8 Supplementary Figure 8 Base-resolution analysis of 5hmCGs and 5mCGs at imprinted regions in mouse cortical excitatory neurons. (a) The average 5hmC (left) or 5mC (right) levels are shown within two groups of imprinted regions (hmc-high: blue; hmc-low: green) and their flanking regions. (b) Snapshot of base-resolution C (green), 5mC (red), and 5hmC (blue) maps near the Kcnq1ot1 gene locus (chr7:143,290, ,300,000; genome build: mm10). Only CGs sequenced to depth >=2 are shown. Gray tracks denote sequencing coverage for each position. ACE-Seq traces represent merged data sets from single experiments at 2 ng and 20 ng of input DNA (n = 2). (c) Heat-map representation of normalized RNA-Seq, H3K4me3 (ChIP-Seq), H3K27me3 (ChIP-Seq), 5hmC (ACE-Seq), 5mC (derived from BS-Seq and ACE-Seq), and 5hmC/5mC ratios within 30 imprinted regions. Imprinted regions were ranked by their 5hmC levels in cortical excitatory neurons.

9 Supplementary Figure 9 Distribution of C, 5mC, and 5hmC levels at representative genomic elements. Ternary plots show the levels of C, 5mC, and 5hmC within 1-kb bins overlapping with representative genomic elements.

10 Supplementary Figure 10 Enrichment of high-level 5hmCG sites. (a) The distribution of abundances of called 5hmCG (blue) and 5mCG (red) at individual sites in cortical excitatory neurons. The dashed line denotes the signal level of 0.6, the cutoff used to select high-level 5hmCG sites. (b) The fraction of high-level 5hmCG (purple) and all 5hmCG (yellow) sites within various genomic elements (relative to total number of CG sites in each group).

11 Supplementary Figure 11 Possible applications of enzymatic deamination for 5mC localization. (a) Comparison of chemical and enzymatic deamination. Chemical deamination is efficient on C, while 5mC is largely resistant to the reaction.

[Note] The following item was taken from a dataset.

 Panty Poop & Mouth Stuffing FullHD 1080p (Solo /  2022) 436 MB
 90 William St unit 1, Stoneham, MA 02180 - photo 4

Also, 5hmC is converted to a CMS adduct, while 5fC is inefficiently deaminated. Efforts to drive this reaction starts to increase aberrant 5mC deamination (see Wu et al., Nature Prot, 2016, 11: ). Enzymatic deamination is efficient on C and 5mC and discriminates against all ox-mcs (see Schutsky et al., NAR, 2017, 45: ) (b) Schemes for detection of 5mC. Potential schemes for localizing 5mC and all ox-mcs involve TET-mediated oxidation with or without coupled protection with GT, which would lead to conversion of C bases only. As another alternative, after bisulfite treatment, A3A can be used to deaminate 5mC but not CMS to differentiate 5hmC and 5mC, although such a method would carry forward the limitations of bisulfite.